Ese tipo de afirmación, salida de boca de un ciudadano común sin formación jurídica, podría excusarse en la ignorancia. Pero en un sindicalista con décadas de trayectoria y, más grave aún, en quien ocupa la cartera de Trabajo, se convierte en una mentira consciente. Castillo sabe —o debería saber— que la Constitución protege la libertad de pensamiento, de asociación y de conciencia de todos los ciudadanos, incluidos los trabajadores que deciden no afiliarse a un sindicato. El artículo 72 de la Carta Magna es terminante al señalar que los derechos no enumerados expresamente, pero inherentes a la personalidad humana o derivados de la forma republicana de gobierno, están plenamente vigentes. Entre ellos, sin duda, se encuentra la libertad de no ser obligado a integrarse a una organización sindical, social, política y de cualquier índole, máxime si es para acceder o mantener un puesto de trabajo. A ello se suman tratados internacionales ratificados por Uruguay que refuerzan la garantía de que la afiliación debe ser siempre voluntaria. Frente a este marco normativo, la afirmación del ministro no es otra cosa que humo. Castillo podrá ampararse en su título, su auto oficial y la gasolina que pagan todos los contribuyentes —también los no sindicalizados—, pero nada de eso le da la razón. Un ministro de Trabajo no puede darse el lujo de mentir ni de confundir.

El problema, sin embargo, no termina allí. Lo que subyace es una concepción torcida del rol de los sindicatos en el Uruguay contemporáneo. La Real Academia Española define “patota” como “grupo que suele darse a provocaciones, desmanes y abusos en lugares públicos”. No se trata de una exageración: buena parte del sindicalismo se ha transformado en eso mismo, en una patota amparada en su fuerza de hecho y en la impunidad que le concede la inacción de jueces y fiscales. Se toleran ocupaciones ilegales, se admiten bloqueos de empresas, se justifican agresiones verbales y físicas contra trabajadores que piensan distinto. El derecho al trabajo queda subordinado al capricho de grupos que se sienten intocables. Y como si fuera poco, los escándalos de corrupción en el manejo de dineros sindicales, aportados por los propios trabajadores, se multiplican sin que nadie rinda cuentas.

La tormenta perfecta está formada: un sindicalismo corporativo, que abusa de su poder; un Ministerio de Trabajo que lejos de defender a todos los trabajadores, se convierte en portavoz de una visión parcializada; y un sistema judicial que, por acción u omisión, deja pasar atropellos que lesionan derechos básicos.

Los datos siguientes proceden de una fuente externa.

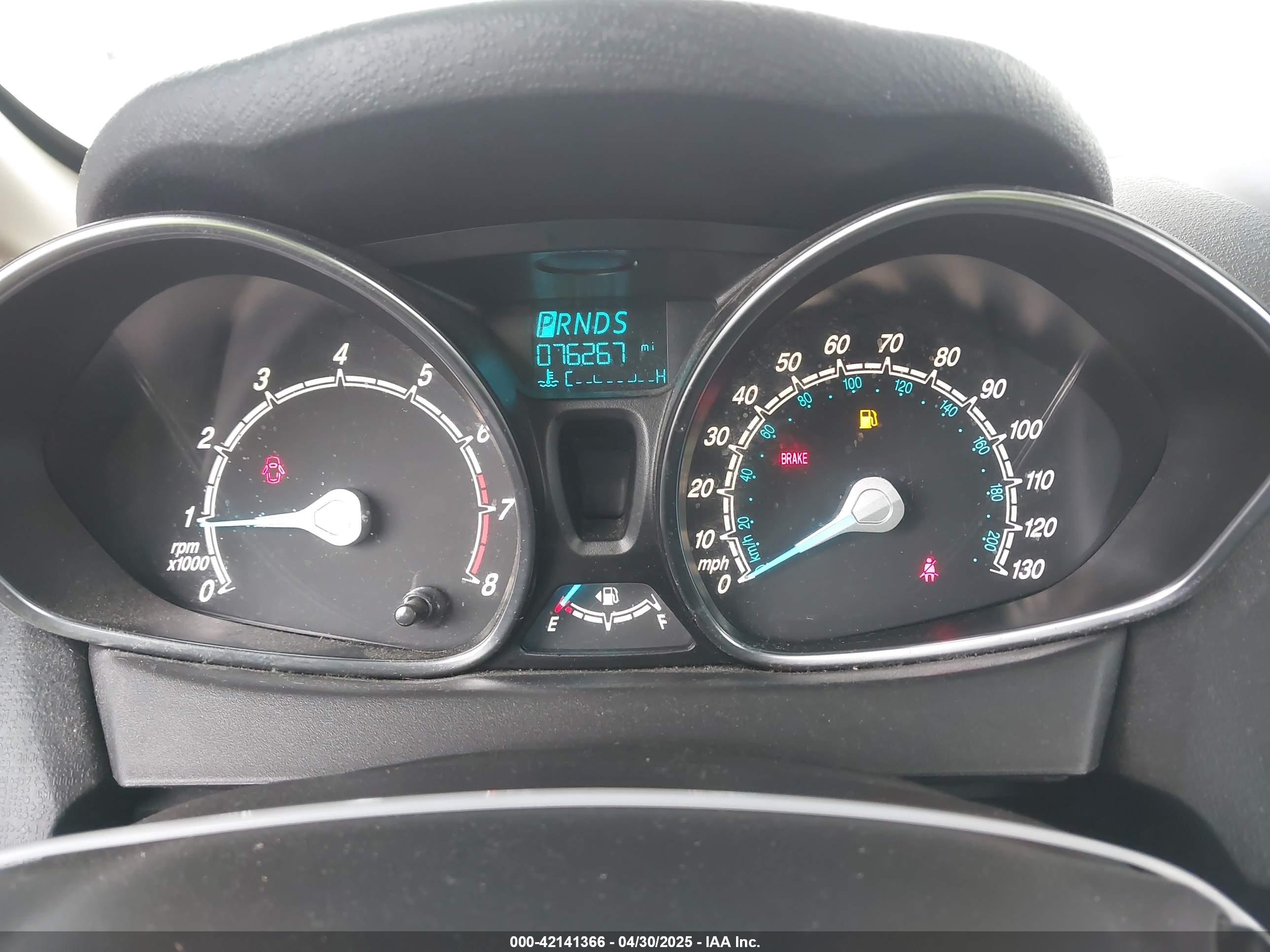 FORD FIESTA image 7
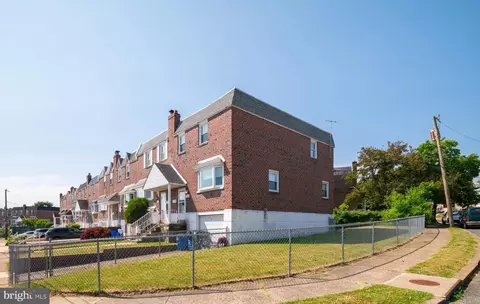 4100 Chalfont Dr, Philadelphia, PA 19154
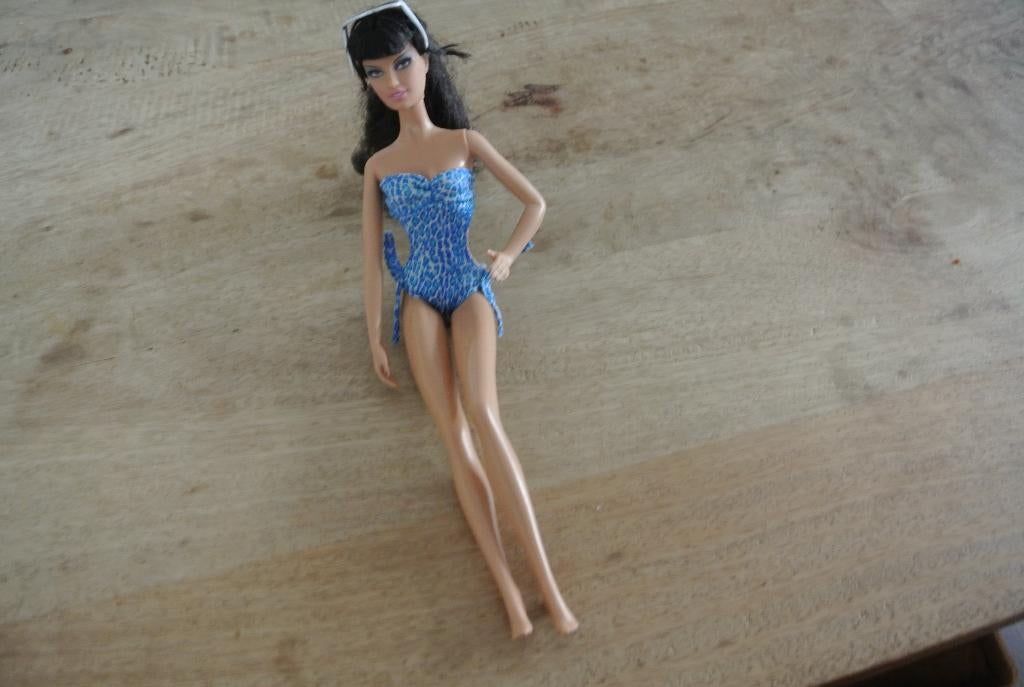Barbie Top Model Resort Teresa/ nr 17, Verzamelen, Poppen, Ophalen of Verzenden, Zo goed als nieuw, Pop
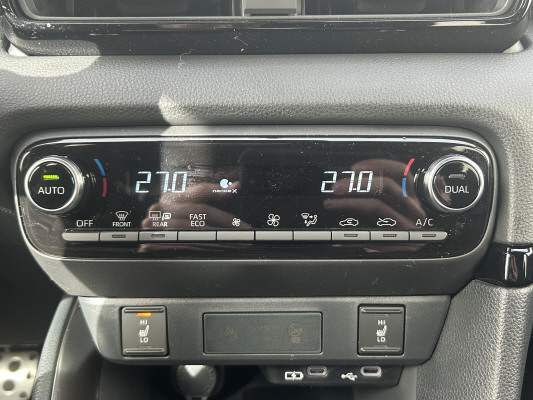 TOYOTA Yaris 1.5 GR Sport e-CVT-image-12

Uruguay merece un sindicalismo fuerte, sí, pero también democrático, transparente y respetuoso de las libertades individuales. No una patota que impone por la fuerza su voluntad. Y mucho menos un ministro que, en lugar de defender la Constitución, se dedica a distorsionarla para justificar lo injustificable. Señor Castillo: las palabras tienen consecuencias. La suya fue una mentira peligrosa, porque pretende instalar la idea de que la libertad sindical puede convertirse en obligación sindical. Y eso no solo contradice nuestra Constitución, sino que hiere la esencia misma de la democracia. El país necesita menos humo y más respeto.